Eric Jurenas n’a pas (encore) tous les atouts permettant d’incarner efficacement le fier Rinaldo : manquent une autorité dans l’accent, un éclat dans la projection vocale, un certain charisme également (mais cela s’explique sans doute par l’obligation dans laquelle il se trouvait de lire sa partition). Mais le public comme le chef lui savent gré d’avoir relevé le défi avec dignité –et d’avoir par là même sauvé la représentation. Evann Loget-Raymond semble parfois un peu fragile. Il n’en fait pas moins un effort appréciable pour s’engager dramatiquement malgré la brièveté de son rôle, et surtout, il soigne particulièrement la ligne de son unique air, délivrant pour l’occasion des graves bien timbrés et chaleureux. Riccardo Novaro campe quant à lui un Argante de très haute tenue, et son premier air fait passer le frisson dans le public. Arrogance dans l’émission, assurance dans la virtuosité, contrôle du souffle permettant de longues phrases ornées : le baryton italien semble proposer avec son chant un équivalent aux arabesques rouges et flamboyantes qui ornent sa veste noire.

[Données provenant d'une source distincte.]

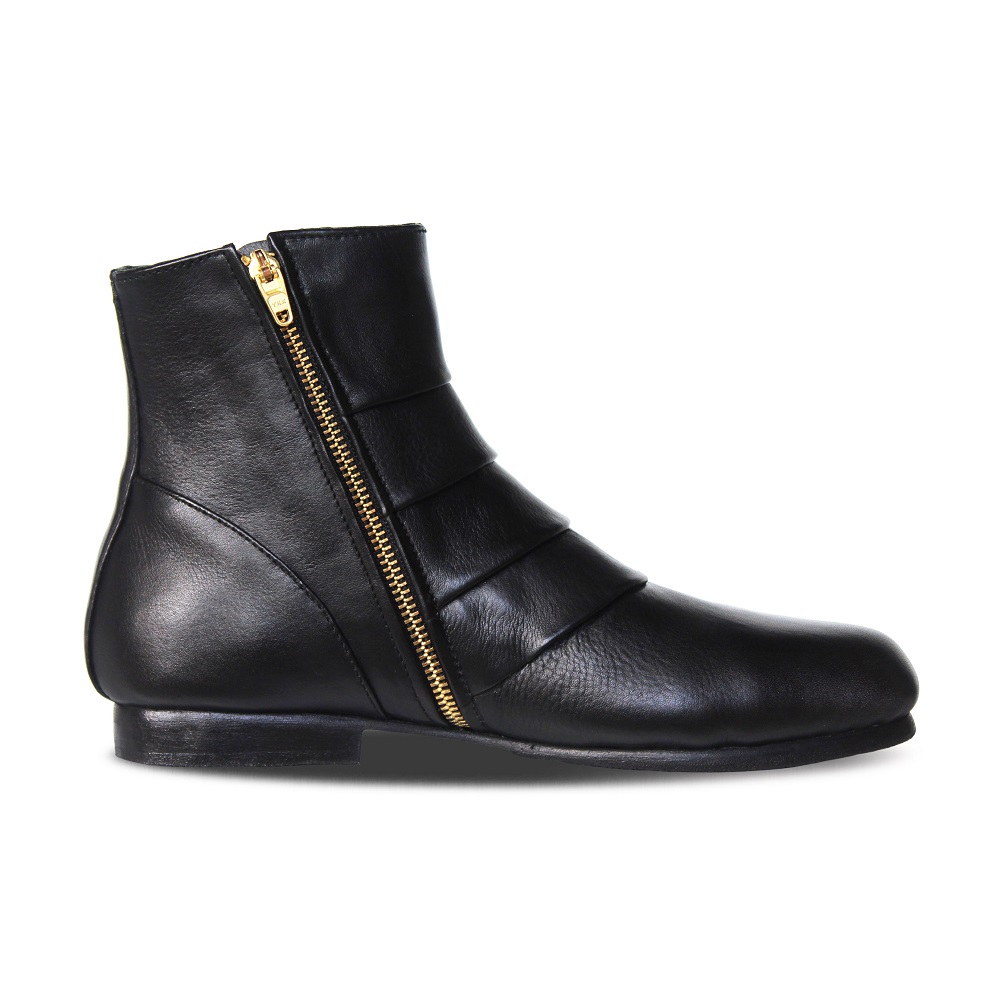 Clarisa Black Women Leather Boots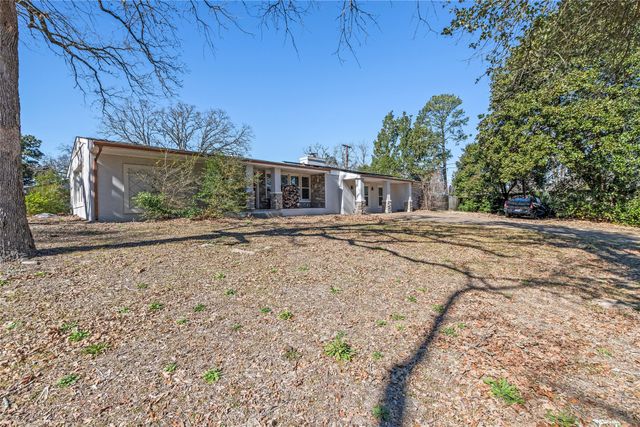 400 W Cayuga Drive, Athens, TX 75751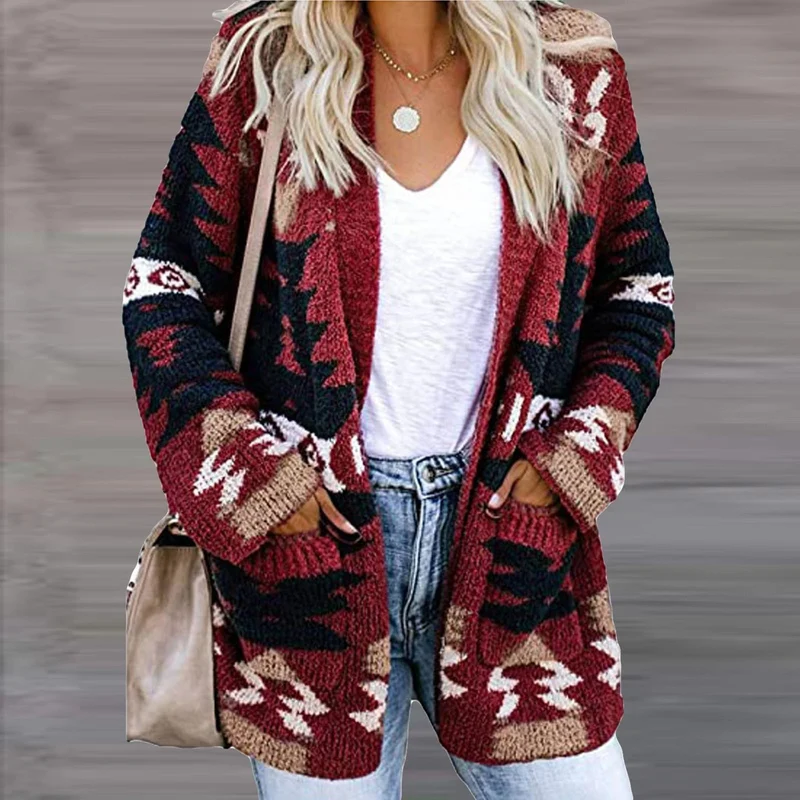 Damen Strickjacke im modernen Ethno-Design mit aufgesetzten Taschen und lässigem Schnitt
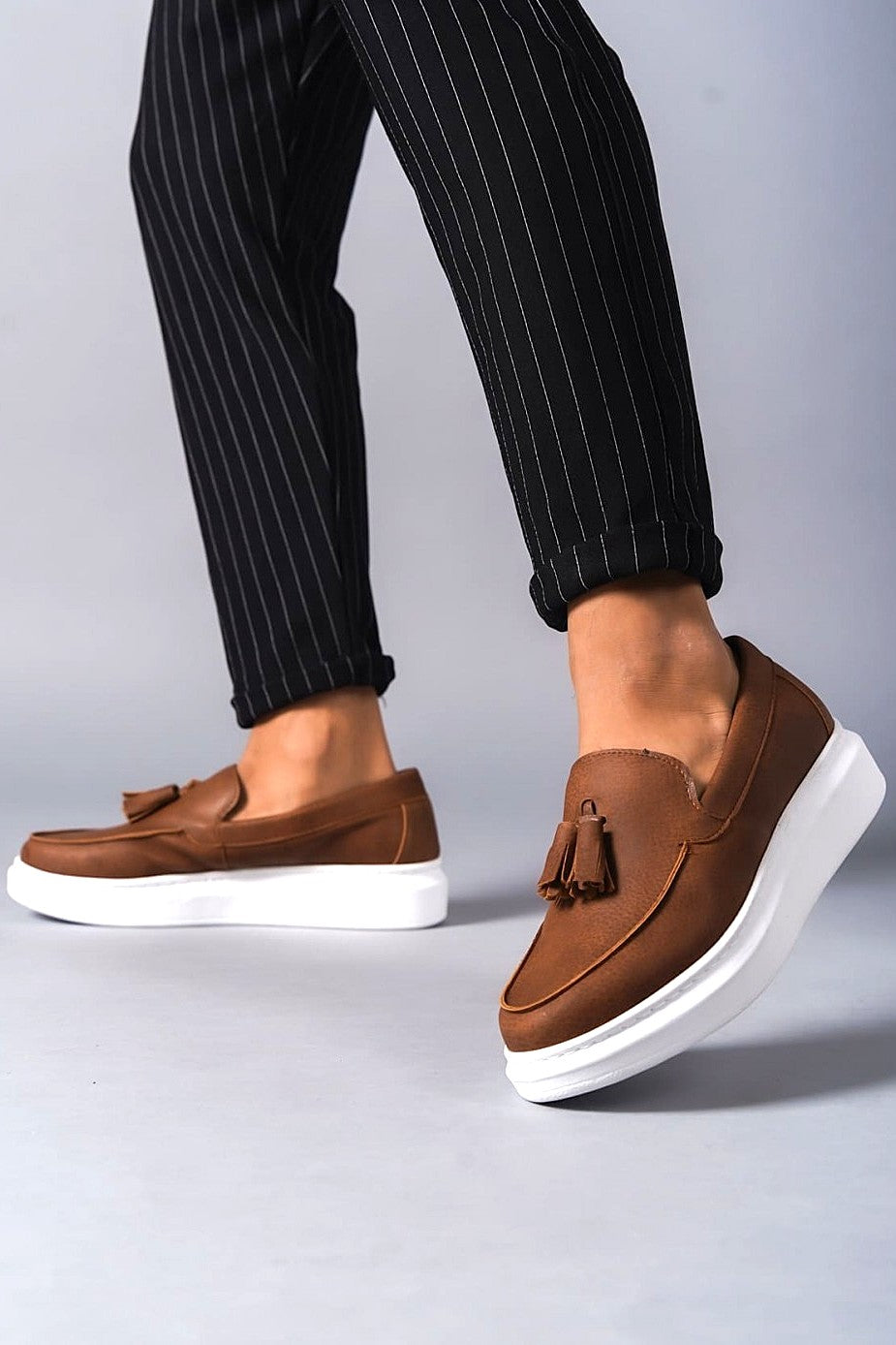 JY154 Blaze Laceless Tasseled Men's Casual Classic Shoes - Vegan Leather Tan White
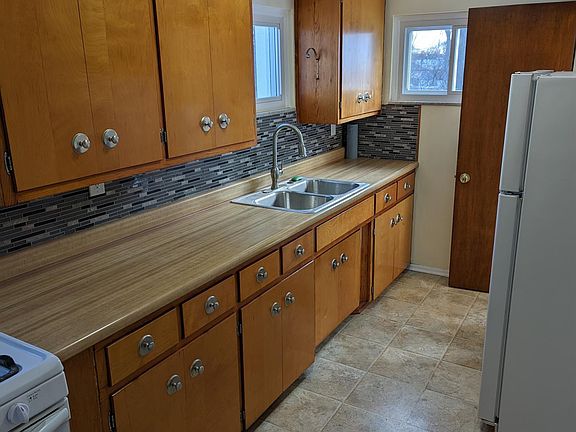 3rd image of 32974 Pardo St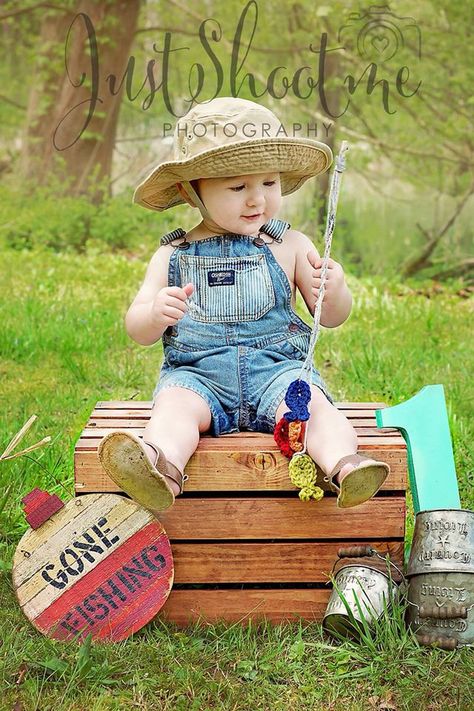 Fishing 1st Birthday Pictures, The Big One Fishing Birthday Pictures, Ofishally One Pictures, Ofishally One Picture Ideas, Fishing Birthday Pictures, One Year Old Fishing Photo Shoot, Baby Fishing Photo Shoot, Fishing First Birthday Pictures, Fishing One Year Old Birthday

Côté féminin, les interprètes, par leurs formats vocaux et leurs personnalités, correspondent aux personnages qu’elles incarnent. Emilie Rose Bry avait déjà séduit l’an dernier in loco en Elvira (L’Italienne à Alger). Le rôle d’Armida lui permet cette fois de faire valoir la facilité de ses aigus, l’aisance de sa projection et la maîtrise de son agilité. Elle offre un portrait tour à tour inquiétant, séduisant, drôle ou hystérique (elle va jusqu’à interrompre elle-même la battue du chef, et donc l’orchestre, lorsqu’elle souhaite prolonger une pause). Pour interpréter Goffredo, Dara Savinova dissimule sa féminité derrière un pantalon noir et un chignon rassemblant ses longs cheveux blonds. Sa diction précise et son phrasé autoritaire confèrent également sa virilité au personnage. La voix, sans être excessivement puissante, reste bien placée et bien projetée sur toute la tessiture, déroulant un velours noir et soyeux auquel se mêlent quelques aspérités dans le registre grave, conférant au personnage un surcroît de masculinité. Quant à Ekaterina Bakanova (qui interprétait Micaëla, déjà à Versailles sous la direction de Spinosi en 2017), elle propose une interprétation d’Almirena pleine d’émotion. La voix est longue, souple, fruitée, dotée d’un médium nourri mais capable de belles envolées dans l’aigu. On lui doit le moment le plus émouvant de la soirée, avec un Lascia ch’io pianga habité, plein de douleur contenue, paré de mille nuances, longuement applaudi.
Si l’opéra est donné en version de concert, l’assistance peut néanmoins compter sur Jean-Christophe Spinosi pour en proposer une interprétation hautement théâtrale : sa direction, racée, pleine de contrastes, incisive, fait constamment avancer l’action. Nonobstant quelques légers problèmes ici ou là (tels les deux ou trois petits ratés dans l’ébouriffante virtuosité des trompettes d'Or la tromba), l’Ensemble Matheus se montre à la hauteur de la tâche, et les instrumentistes appelés à intervenir en solo rivalisent d’élégance et de virtuosité.